OpenAI and Google DeepMind computer models have scored gold medal level performance on the 2025 International Mathematical Olympiads, their natural language answers getting five of six problems right. It is also the first instance that general-purpose AI systems have surpassed the results of high school students in the world in completing mathematical tests, without the official translation of problems.

Performance Overview
OpenAI’s experimental reasoning model correctly answered five IMO questions in its “informal” evaluation, generating proof‑style solutions in English. The company hired three former IMO medalists to grade its outputs before notifying the Olympiad committee and timing its announcement to follow the students’ award ceremony. Google DeepMind entered its advanced Gemini Deep Think agent (an enhanced reasoning mode that explores multiple solution paths in parallel) and officially collaborated with IMO graders to confirm its 35‑point gold‑medal score under the contest’s guidelines.
Verification Dispute
Google publicly criticized OpenAI for announcing its results before independent IMO verification. DeepMind CEO Demis Hassabis noted that Google respected the Olympiad’s request to wait for official grading and student recognition. OpenAI responded that it initially declined formal participation to focus on natural‑language reasoning but agreed to delay its release after the IMO provided feedback. Neither company has released full model details, though both claim their systems outperform last year’s silver‑medal‑level AI and outscore most contestants.

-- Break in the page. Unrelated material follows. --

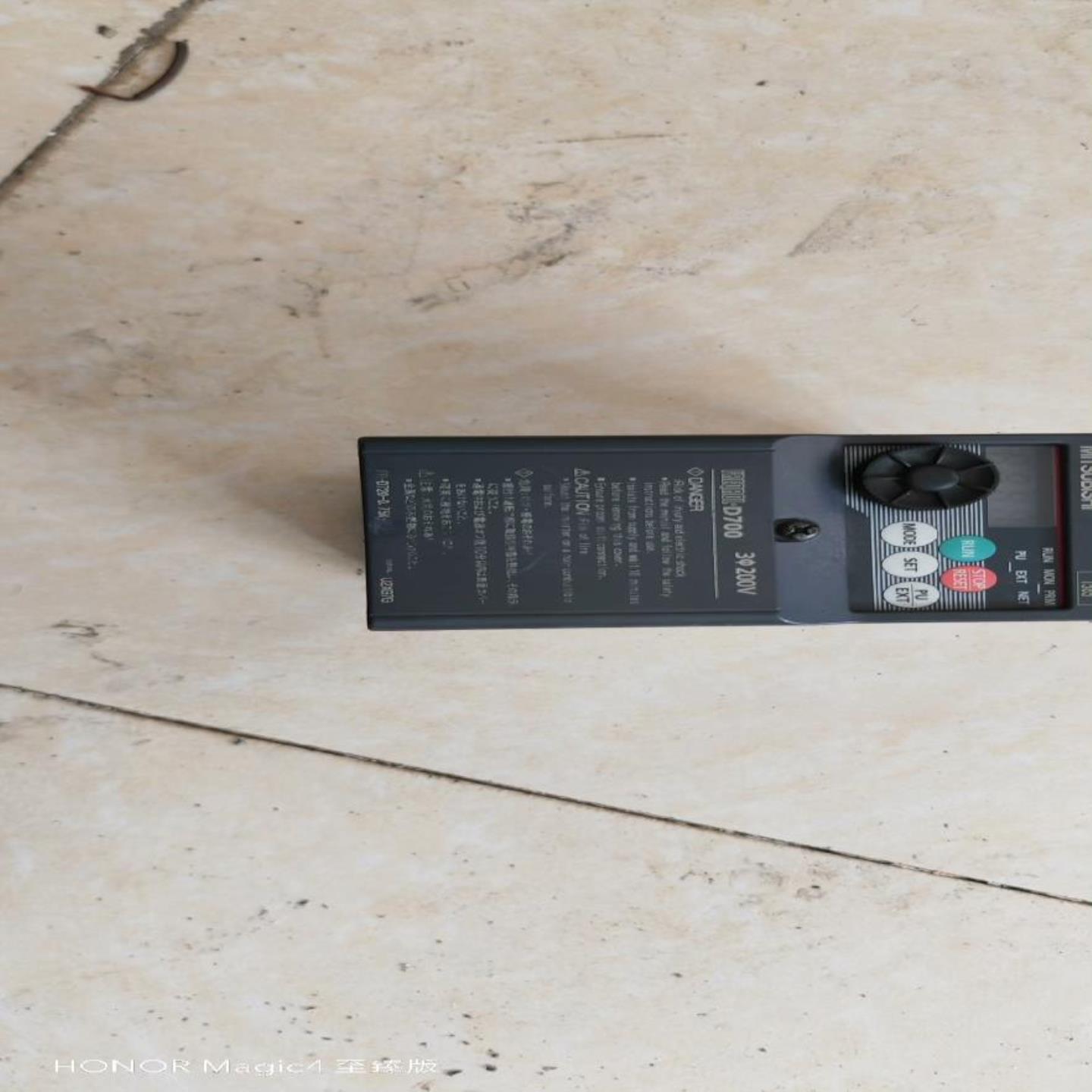 变频器FR-D720-075K功能包好无破损需要的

Implications for AI Reasoning
The fact that AI reasoning models enable the highly abstract problems to be solved in an unstructured environment with minimal formal encoding exhibits the gold medal performance in this environment. The experts observe that 5 accurate proofs perform better than almost 90 percent of those who enter it as human beings, and it means that the distinction between human and machine problem-solving is narrowing in tricky areas. This advancement could also be applied in co-research in mathematics and allied arts because these two models are strong in the clarity and accuracy of the proofs they fail to produce.
What’s Next
The introduction of GPT 5 by OpenAI is yet to come with expanded reasoning features, whereas Google is involved in improving on Deep Think in the Gemini interface. The talent competition in AI and based on the trends of its perception on the part of leadership, is challenging as well, and the market, like IMO, acts as a flagship manifestation of growing potential.

The use of domain knowledge required by real-world problems and iterative demonstration of correctness make researchers stipulate that the IMO milestone is merely one step to more general-purpose intelligence-enhancing assistants, as opposed to definitive instances of human-level intelligence.
To ensure the future progress of both labs, cooperation with organizations such as the IMO will be essential to establish an environment for testing AI accomplishments in a rigorous manner. Interestingly, mathematical competitions have broken the record for the speed of AI reasoning expansion, and this is not the last stage of achieving success in research and teaching.